Dimapur, April 13 (MExN): Deeply concerned by the “continued captivity” of 14 year-old Alice Kamei by the Revolutionary Peoples Front/Peoples Liberation Army(RPF/PLA), the United Naga Council (UNC) today termed her custody as an “an utter disrespect for the institutions of family and an assault on the innocence of childhood.” “Our homes and families and our land must be defended at all cost,” the Naga organization stated.
The UNC stated that Alice, a class 9 student of Grace Reach Academy in Hiyanglam, Manipur, should be in school under the guardianship of her parents and, therefore, asserted that she “must be safely released to her parents and her people with any delay.” It further said that despite the peaceful and democratic protest that has been registered by Naga organizations, seeking her safe release, Alice has been in the custody of the RPF/PLA since March 10, 2013. This, the UNC claimed violates both natural law and established international norms.

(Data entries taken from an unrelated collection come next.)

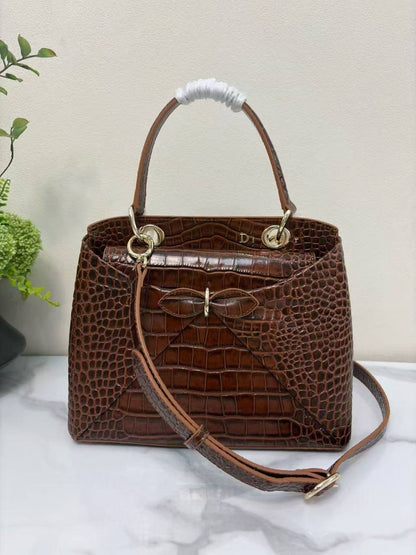 Dior Master
380 dhs🪙🌨️
#28cm🩷🙋‍♂️

Zain228
 ♥️♥️♥️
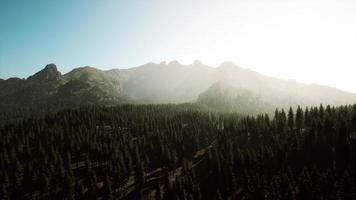 8k berglandschap in de rotsachtige bergen van Colorado foto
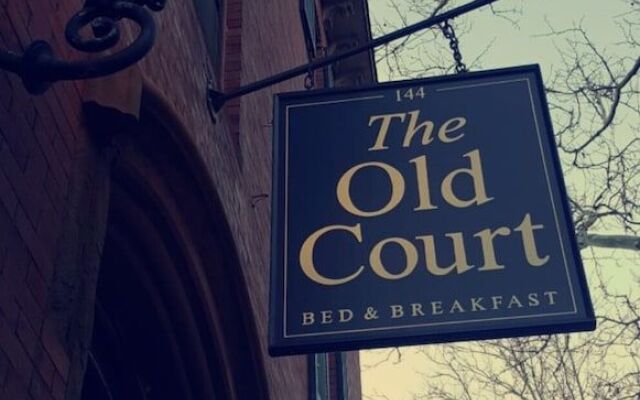 The old Court bed and Breakfast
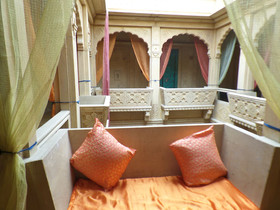 Jaisalmer Hostel Crowd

The UNC publicity wing in a statement questioned, “Compare this with the flare up in Imphal valley in the wake of the reported incident of the manhandling of Momoko by a cadre of the NSCN (IM) at Chandel on 18 December, 2012, where the Nagas and tribals were targeted in well orchestrated moves.” The statement further cited a number of incidents that occured during this ‘episode’, wherein, 13 students from Risophung village under Senapati District were waylaid and physically assaulted by cadres of Kangleipak Communist Party at Napetpali on December 24, 2012, and a 16-year-old girl in the group was molested and nearly raped.
It cited the incident where two villagers of Kongkan village, in Ukhrul district, who were returning to their village after a hunting trip were “intentionally” gunned down by the United National Liberation Front.
The UNC claimed that “the Cabinet of the communal State Government of Manipur had 3 meetings on the Momoko issue.” The level and sense of the offence perceived and taken in the Alice Kamei and Momoko episode are markedly communal in difference, it said. “The communal responses of the State government and the non-state forces in the Imphal valley have offered further vindications for the demand of the Nagas in Manipur for an alternative arrangement outside the Government of Manipur, pending settlement of the Indo-Naga issue.”
The UNC further stated that “blatant communal omissions and commissions of the Manipur State Government and the non-state valley forces in collusion on all fronts is steering away the situation from the peaceful parting of ways.” It urged the government of India to intervene “immediately” with an alternative arrangement. “Nagas and tribals must be in continued preparedness,” it said.